Answers to these may guide legal outcomes, training updates, and supplier contracts.
Operational complexities on international routes
Industry lawyers point out added layers of complexity on international flights:
– Catering can be loaded from multiple stations.
– Labeling rules vary by jurisdiction.
– Code-share or alliance operations can introduce mixed standards.

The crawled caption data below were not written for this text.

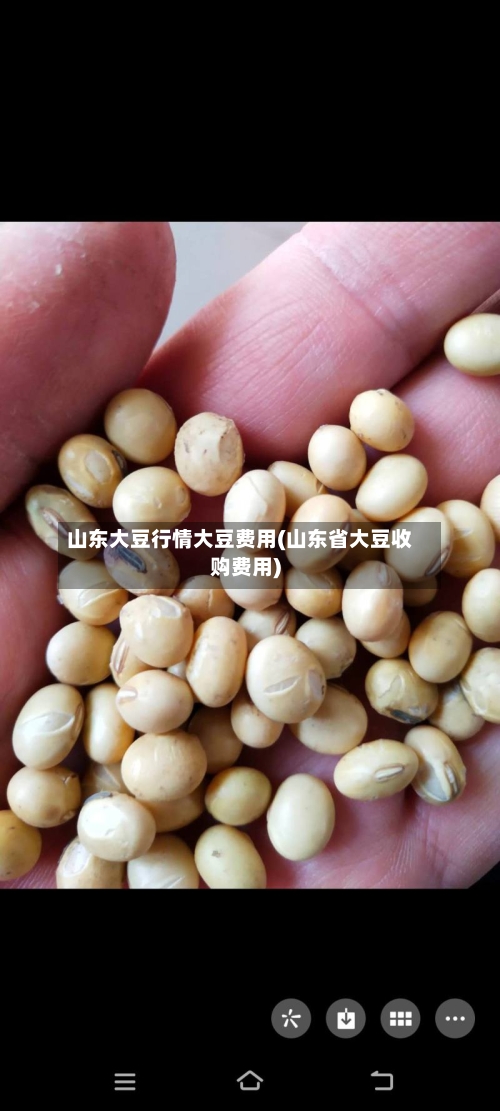 山东大豆行情大豆费用(山东省大豆收购费用)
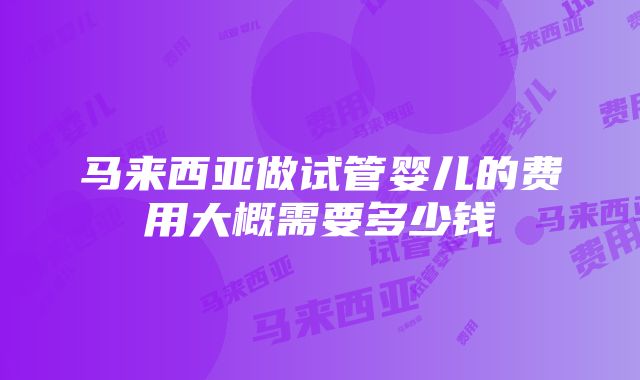 马来西亚做试管婴儿的费用大概需要多少钱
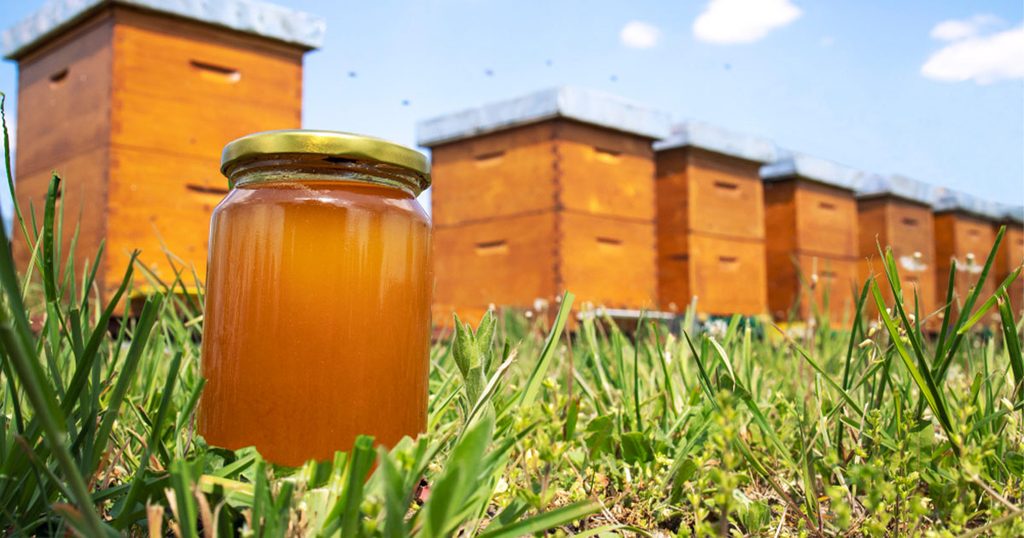 العسل البلدي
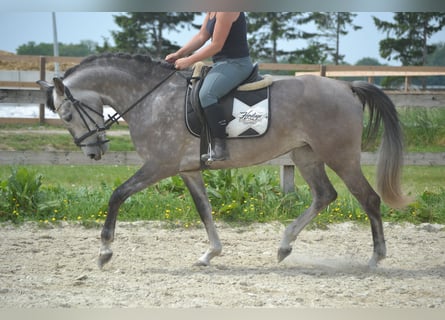 Koń andaluzyjski, Klacz, 5 lat, 162 cm, Siwa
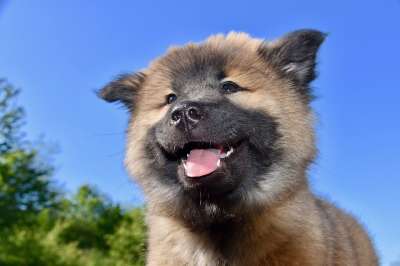 狗 年轻的狗 小狗 狗Eurasier 婊子Rivageblue 可爱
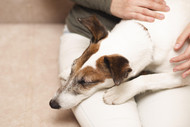 Cancer in Dogs: Knowledge is Power in Protecting Your Furry Friend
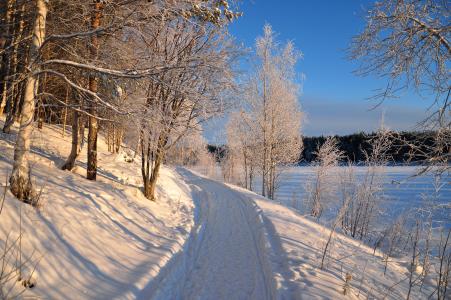 冬天，树木，道路，景观
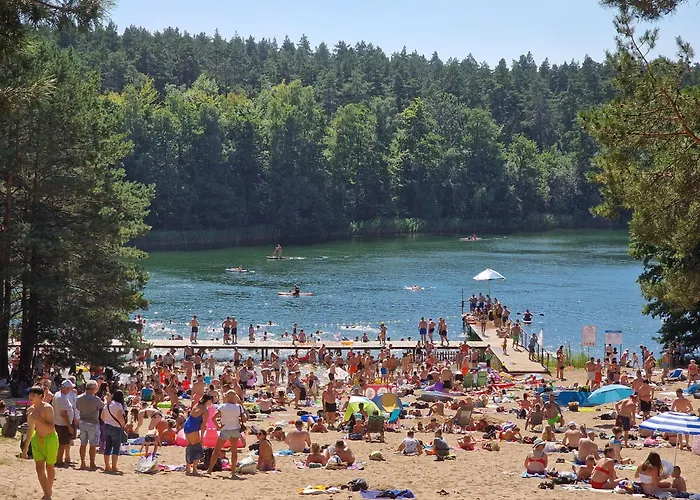 Sosny 2,2 Nad Jeziorem Otw Borowno Wielkie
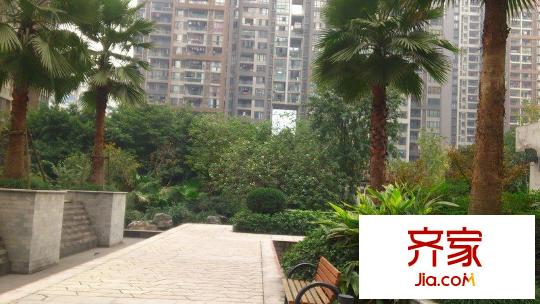 魯能星城十一街區(qū)外景圖 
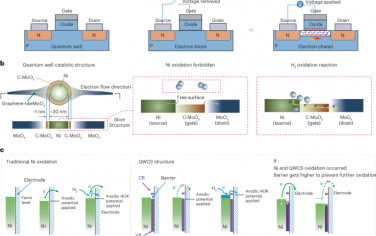 Nature Energy：量子限制诱导金属镍氢氧化电催化剂的抗电氧化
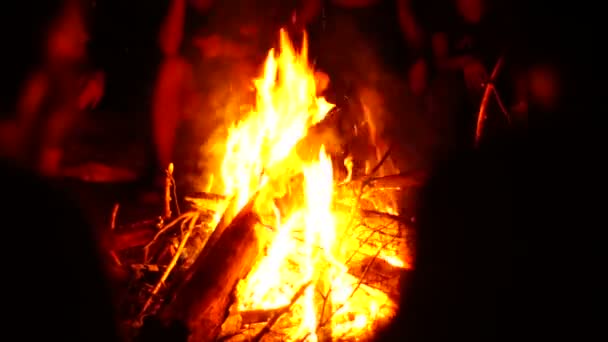 Szép nyári éjszaka a tábortűz — Stock videók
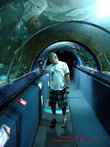 Оклендский океанариум.Подводный Мир Келли Тарлтон. На фото уникальный подводный тоннель – за стеклом гигантские скаты, мурены, акулы...
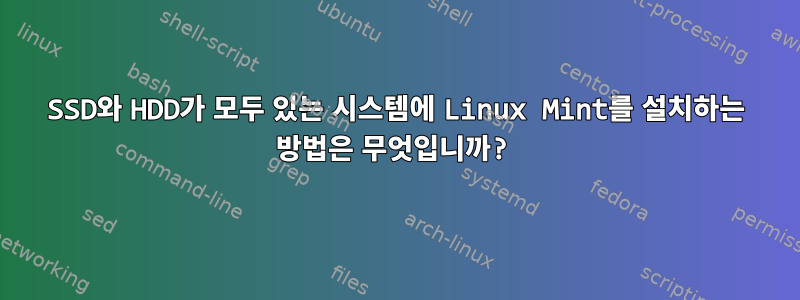 SSD와 HDD가 모두 있는 시스템에 Linux Mint를 설치하는 방법은 무엇입니까?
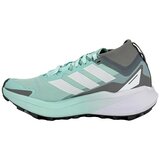 Adidas Nizke superge Terrex Agravic GTX pisana Cene
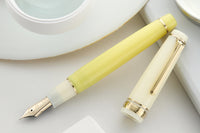 Sailor Pro Gear Fountain Pen - Passion Fruit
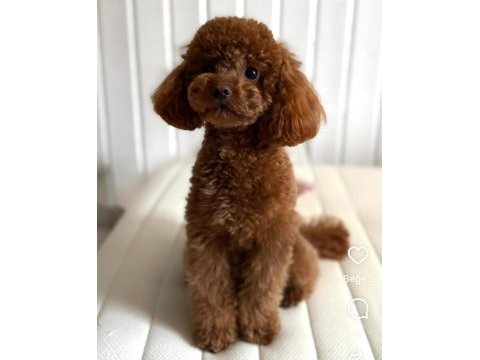 Kore teacup poodle yetişkin erkek
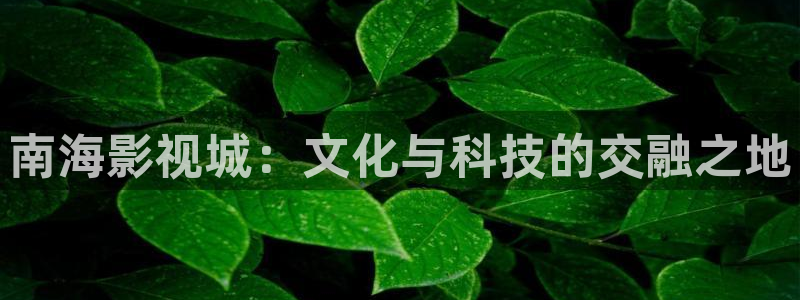 欧美影院不卡：南海影视城：文化与科技的交融之地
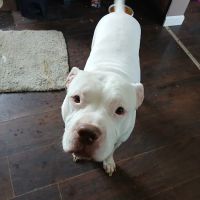 VCA High Peaks Animal Hospital ico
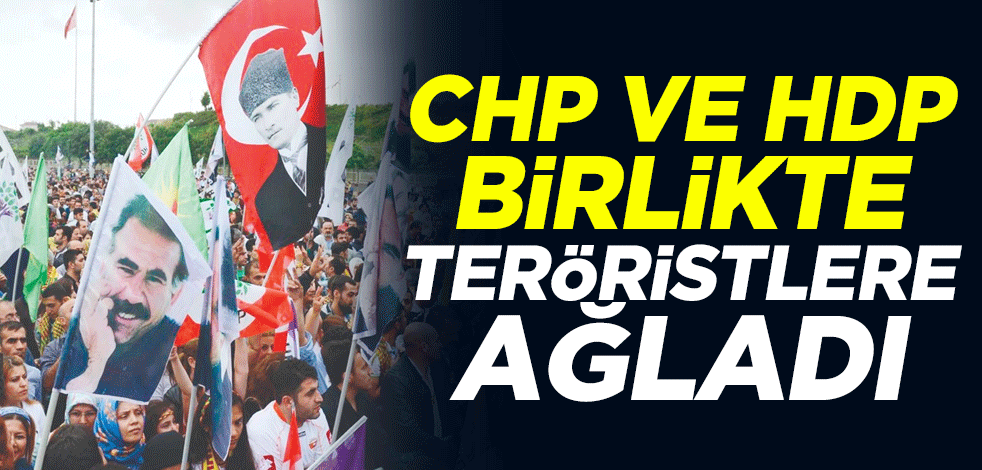CHP ve HDP birlikte teröristlere ağladı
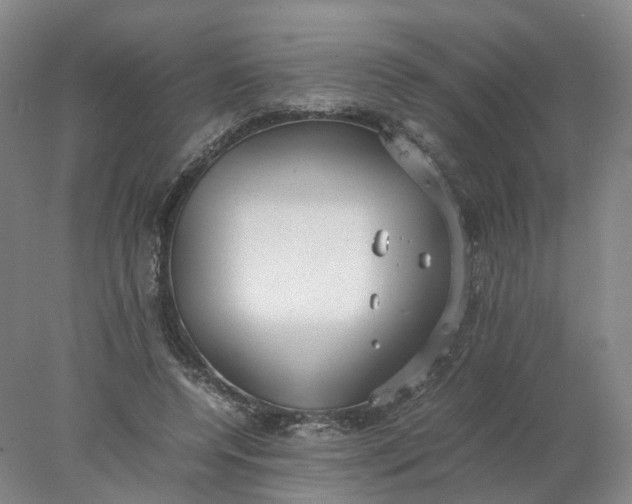 X0000077990544200611101731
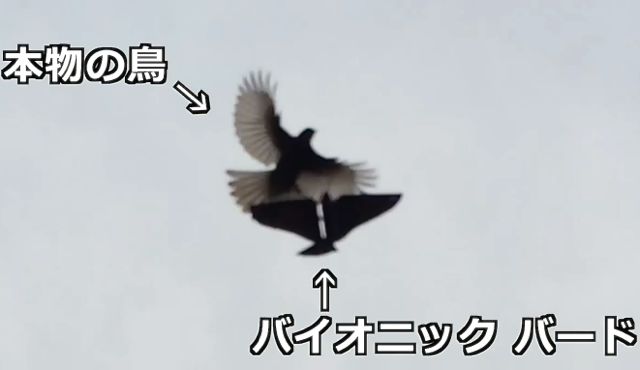 bird - 10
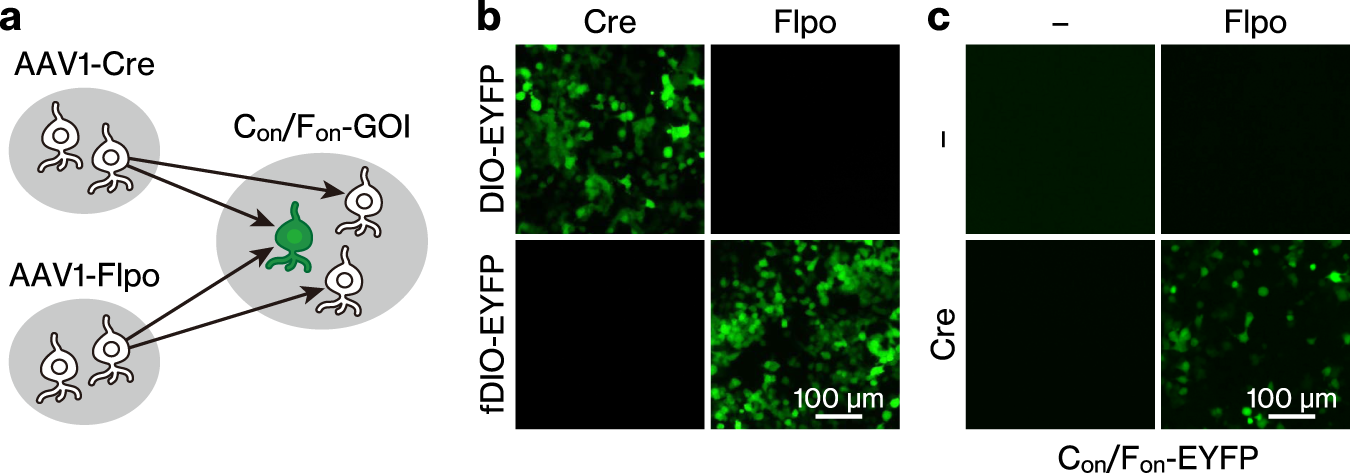 Intersectional Anterograde Transsynaptic Targeting Of Neurons Receiving Monosynaptic Inputs From Two Upstream Regions Communications Biology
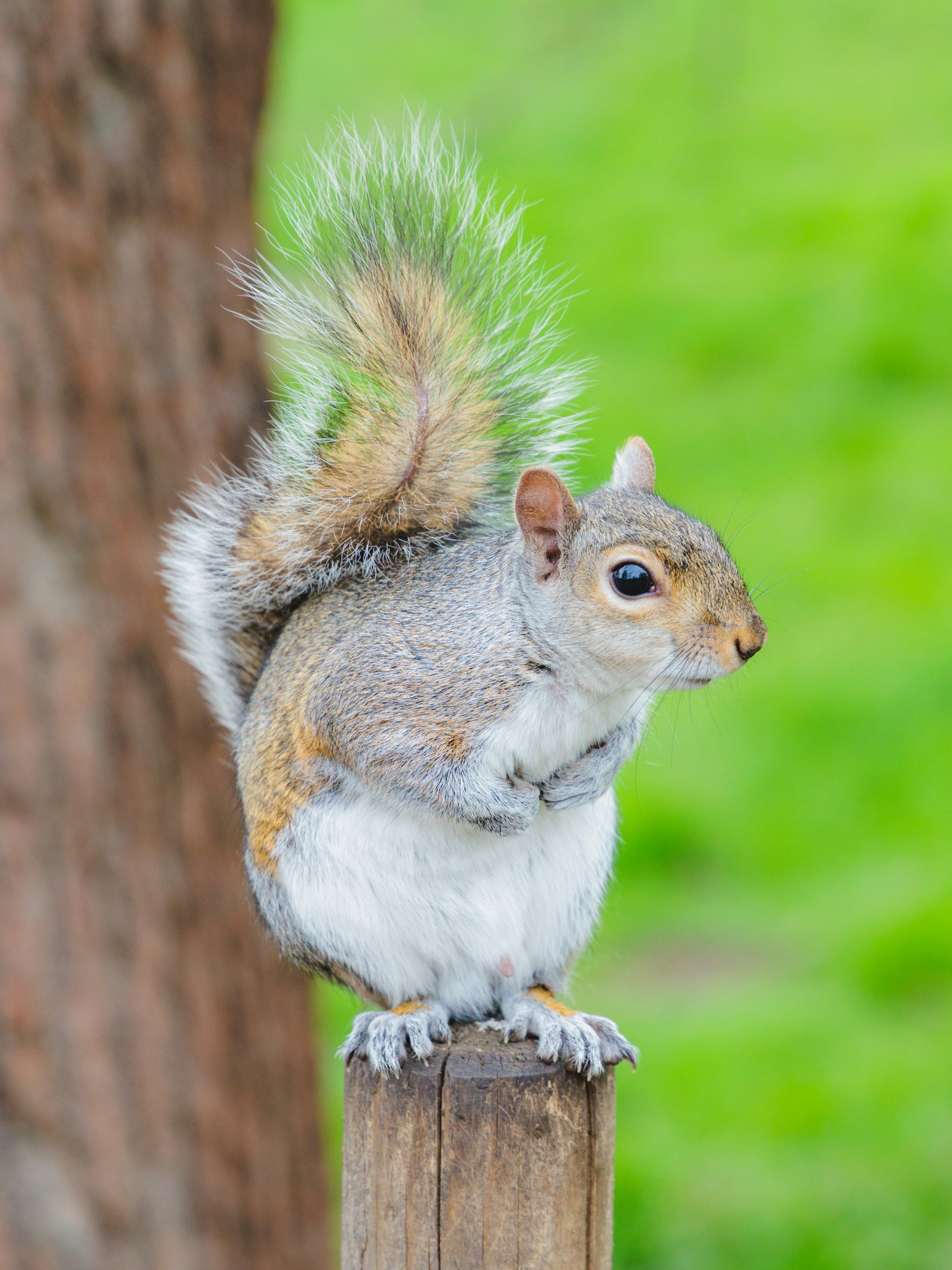 squirrel4.jpg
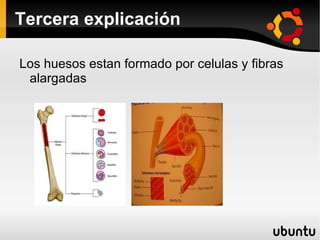 Tercera explicación Los huesos estan formado por celulas y fibras alargadas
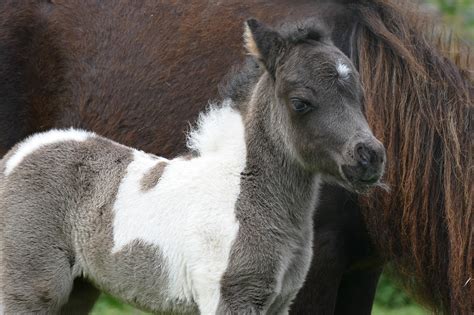 200+ Free Shetland-Pony & Shetland Pony Images - Pixabay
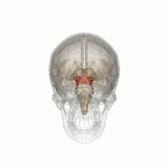 The rostromedial tegmental nucleus (RMTg) is located in the midbrain (pictured above) of the brainstem. The release of dopamine in the RMTg characterizes the euphoria and reinforcement of opioids.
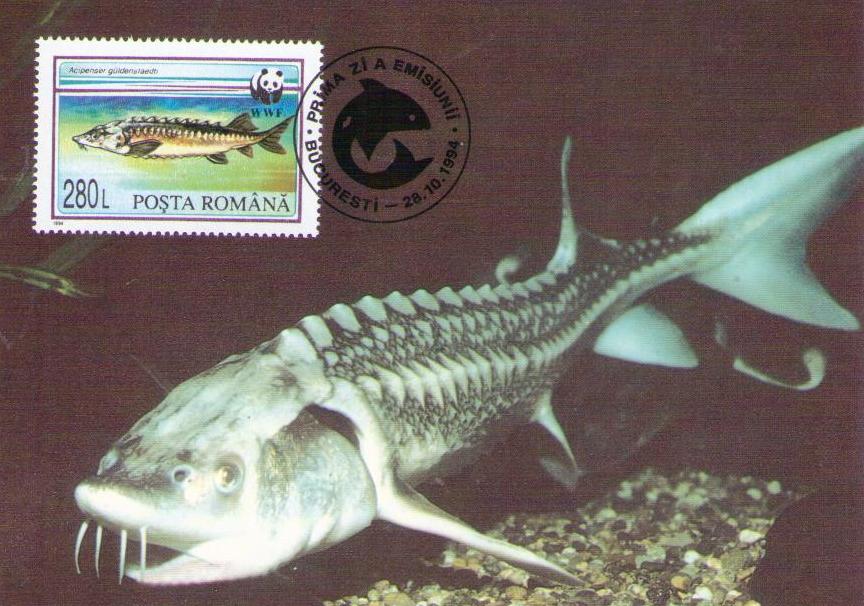 Acipenser gueldenstaedti 280L (Russian Sturgeon) (Romania)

Even so, when a passenger’s allergy is documented and a risk item is offered to that passenger, legal exposure increases. This is why some carriers have adopted simpler, clearly labeled snacks and safer default options.
Analysis and precedent
According to VisaVerge.com, disputes involving onboard allergic reactions often hinge on documentation:
– What the passenger reported.
– What the airline logged.
– Whether the timeline shows avoidable exposure.
VisaVerge.com reports families and carriers tend to settle when records show gaps that could have been addressed with basic checks. Clear preflight notes and careful handoffs between ground staff and cabin crew can reduce risk and legal fallout, especially for minors.
Medical advice and safety practices
Medical professionals advising travelers with allergies commonly recommend:
– Carrying two epinephrine auto-injectors.
– Informing seatmates and requesting pre-boarding/cleaning when possible.
– Asking crew for calm, specific announcements when appropriate to prevent nearby passengers from opening risky foods.
Doctors say early awareness helps avoid introducing allergens into the immediate vicinity. The mother’s claim that a KitKat was served directly to her child underscores this guidance.
What’s next for Qatar Airways and the industry
For Qatar Airways, attention now turns to the court schedule and filings that may clarify what the airline knew and when. Possible areas of review include:
– Company policies and training materials.
– Agreements with caterers supplying snacks on U.S.–Middle East routes.
– How notifications flow from reservation systems to galleys at cruising altitude.
If the case proceeds to discovery, it may reveal procedural gaps that affect not only this family seeking $5 million but also operational practices industry-wide.
Key takeaways
- The QR710 incident has focused attention on simple measures that can improve safety: documenting allergies, communicating effectively, and offering safe, sealed alternatives.
- Families following the case say they seek predictable care, not perfection.
- The outcome could influence snack policies, crew training, and labeling practices across long-haul carriers.
The QR710 incident — now the subject of a high-profile KitKat allergy claim — highlights how small procedural steps can keep children safe and preserve confidence in global air travel.
This Article in a Nutshell
A mother sued Qatar Airways for $5 million after her three-year-old experienced a severe allergic reaction to a KitKat served on Flight QR710 from Washington Dulles to Doha. The complaint alleges the allergy was flagged before departure but the crew still offered the snack, prompting midair medical care. The case, dated November 11, 2025, spotlights airline responsibilities: recording allergies in booking systems, communicating risks to crew, and offering sealed safe alternatives. Regulators advise travelers to carry epinephrine and alert staff; the lawsuit could influence airline training, catering, and labeling practices.